Review of Synchronous Replication patches

Lists: pgsql-hackers
From: Yeb Havinga <yebhavinga(at)gmail(dot)com>
To: PostgreSQL-development Hackers <pgsql-hackers(at)postgresql(dot)org>
Subject: Review of Synchronous Replication patches
Date: 2010-07-24 06:56:18
Message-ID: 4C4A8E92.7080607@gmail.com
Views: Raw Message | Whole Thread | Download mbox | Resend email
Lists: pgsql-hackers

Hello list,

My apologies if this email arrives more than once, I've been
experiencing troubles posting to the -hackers list and am resending this
review as new thread instead of a reply to an existing thread of
http://archives.postgresql.org/pgsql-hackers/2010-07/msg01072.php which
also has relevant links to both patches and discussion.

Here follows a severly time-boxed review of both synchronous replication
patches. Expect this review to be incomplete, though I believe the
general remarks to be valid.

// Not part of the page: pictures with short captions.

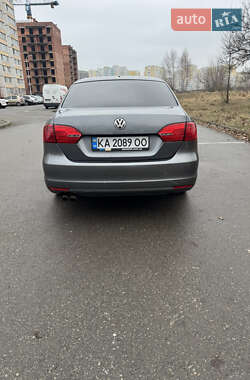 Седан Volkswagen Jetta 2012 в Києві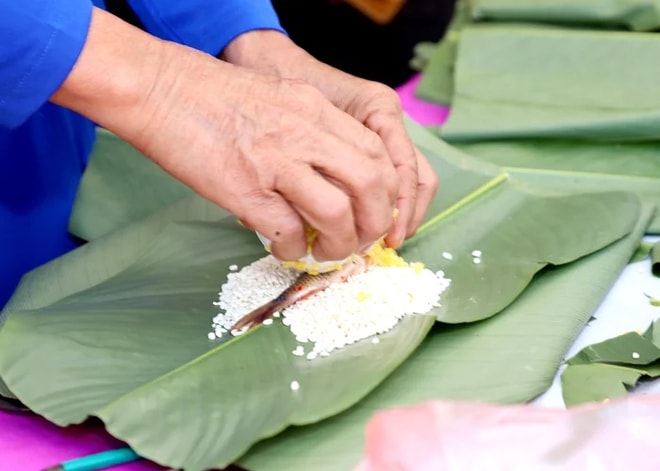 Đặc sản độc đáo: Bánh chưng nhân cá chép - nghe tưởng đùa nhưng thật sự tồn tại- Ảnh 4.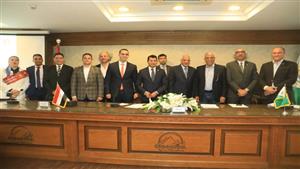 وزير الشباب ومحافظ الجيزة يشهدان جلسة برلمانية لبرلمان طلائع وشباب مصر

Off the list I've received word from Zoltan
that work on a new patch is planned. It would be great if ideas from
both patches could be merged into one.

regards,
Yeb Havinga

Patch A: Zoltán Böszörményi
Patch B: Fujii Masao

* Is the patch in context diff format?
A: Yes
B: Yes

* Does it apply cleanly to the current CVS HEAD?
A: No
B: Yes

* Does it include reasonable tests, necessary doc patches, etc?
A: Doc patches, and a contrib module for debugging purposes.
B: Doc patches.

For neither patch the documentation is final, see e.g.
* 25.2 - The section starting with "It should be noted that the log
shipping is asynchronous, i.e.," should be updated.
* 25.2.5 - Dito for "Streaming replication is asynchronous, so there..."

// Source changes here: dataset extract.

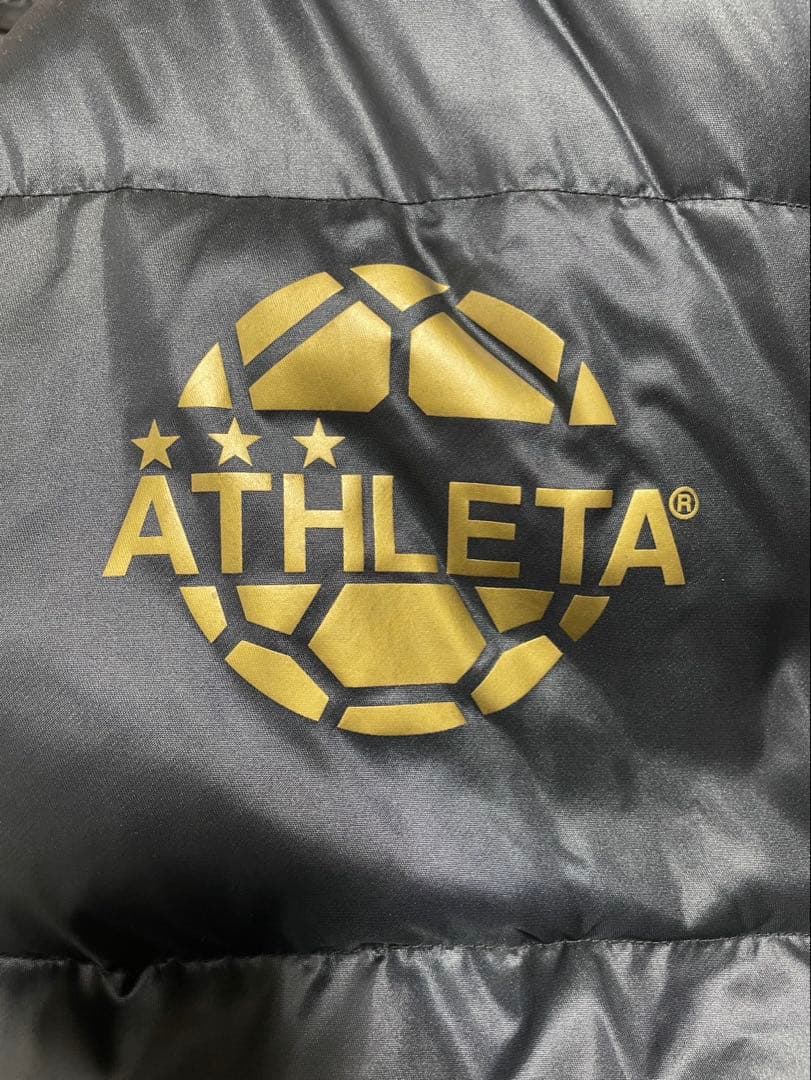 ATHLETA ブラック ダウンコート　アスレタ　ベンチコート　フットサル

Testing any replication setup is not possible with the current
regression tool suite, and adding that is beyond the scope of any
synchronous replication patch. Perhaps the work of Markus Wanner with
dtester (that adds a make dcheck) can be assimilated for this purpose.

Both patches add synchronous replication to the current single-master
streaming replication features in 9.0, which means that there now is a
mechanism where a commit on the master does not finish until 'some or
more of the replicas are in sync'

* Does the patch actually implement that?
A: Yes
B: No, if no standbys are connected commits to not wait. (If I
understand the code from WaitXLogSend correct)

* Do we want that?
For database users who do never want to loose a single committed record,
synchronous replication is a relatively easy setup to achieve a high
level of 'security' (where secure means: less chance of losing data).
The easiness is relative to current solutions (the whole range of
mirrored disks, controllers, backups, log shipping etc).

* Do we already have it?
No

* Does it follow SQL spec, or the community-agreed behavior?
A: Unknown, though the choices in guc parameters suggest the patch's
been made to support actual use cases.
B: Design of patch B has been discussed on the mailing list as well as
the wiki (for links I refer to my previous mail)

* Are there dangers?
Besides the usual errors causing transactions to fail, in my opinion the
single largest danger would be that the master thinks a standby is in
sync, where in fact it isn't.

* Have all the bases been covered?
Patch A seems to cover two-phase commit where patch B does not. (I'm
time constrained and currently do not have a replicated cluster with
patch B anymore, so I cannot test).

# Does the feature work as advertised?
Patch A: yes
Patch B: yes

I ran a few tests with failures and had some recoverable problems, of
which I'm unsure they are related to the sync rep patches or streaming
replication in general. Work in the direction of a replication
regression test would be useful.

# Are there any assertion failures or crashes?
No

A note: reading source code of both patches makes it clear that these
are patches from experienced PostgreSQL programmers. The source code
reads just like 'normal' high quality postgresql source.

Differences:
Patch A synchronizes by sending back the Xids that have been received
and written to disk. When the master receives the xids, the respective
backends with having those xids active are unlocked and signalled to
continue. This means some locking of the procarray. The libpq protocol
was adapted so a client (the walreceiver) can report back the xids.
Patch B synchronizes by waiting to send wal data, until the sync
replicas have sending back LSN pointers in the wal files they have
synced to, in one of three ways. The libpq protocol was adapted so the
walreceiver can report back WAL file positions.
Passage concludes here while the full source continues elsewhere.